The middle ground is the main gist of the story, it tells the viewer what area you were in, it usually contains the most information in your shot although not so much detail. In a story, the middle ground would be your main story because it is the part of your photo that contains the most Landscape.  This is where the viewer will get the main information about distances and the over-all feel of the landscape.  It is the height of the camera that determines how what proportion of the picture is the Middle Ground.  For example, the photo from a drone could include 100 miles of glacier landscape and could fill the entire frame. That same hundred miles could be reduced to a thin slither if you rested you camera on the ground.  

Dýrholaey view
Black sand beach photographed from the top of Dýrholaey bird cliff.

The photo above was taken from a high viewpoint to allow the gentle shape of the black sand to dominate the photo.  A photo from the beach below wouldn’t be able to communicate so much distance.

Background

The background could be communicating the weather conditions. As the background is likely to contain sky, it is likely to communicate the weather at the time you were there.  The sky communicates depth in the way that closer clouds are high in the scene.  If there are shadows made from the clouds falling on the middle ground, the viewer will make a connection and understand the depth of the landscape better.  The clouds and colours are able to provide a summary of the mood and atmosphere of the shot.

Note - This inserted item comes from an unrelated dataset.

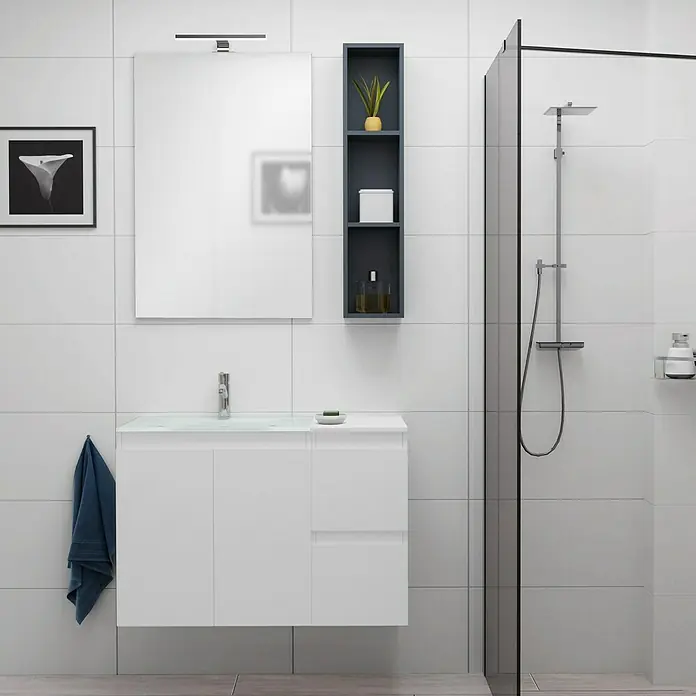 Camargue Espacio Badmöbel-Set H22 - 90 cm, Gama weiß matt - Stimmungsaufnahme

I consider the ‘Background’ when I decide on my focal length.  For example, a mountain range with textures and a reasonable sky would suit 24mm.  This focal length will capture good details while capturing a lot of the mountain.  It would also allow for a good amount of sky and a strong foreground.  If the sky is boring, I might prefer a 50mm to capture part of the mountain with even better details and only a thin slice of sky.

The background content can be important for considering your aperture and focal point.  If there are background objects that deserve to be sharp, then you would work with a small aperture (e.g.f/14-16) with a focal point at the Hyper-focal distance.  Conversely, if the background is clouds and a horizon, then a closer focal point and higher quality aperture (e.g.f/8-9) can be used.

Snow on Vestrahorn
Vestrahorn Mountain with a 24mm Prime lens.

Using my Canon EF 24mm Prime Lens, I can fill a good portion of my photo with the mountain whilst retaining good details and a good portion of sky.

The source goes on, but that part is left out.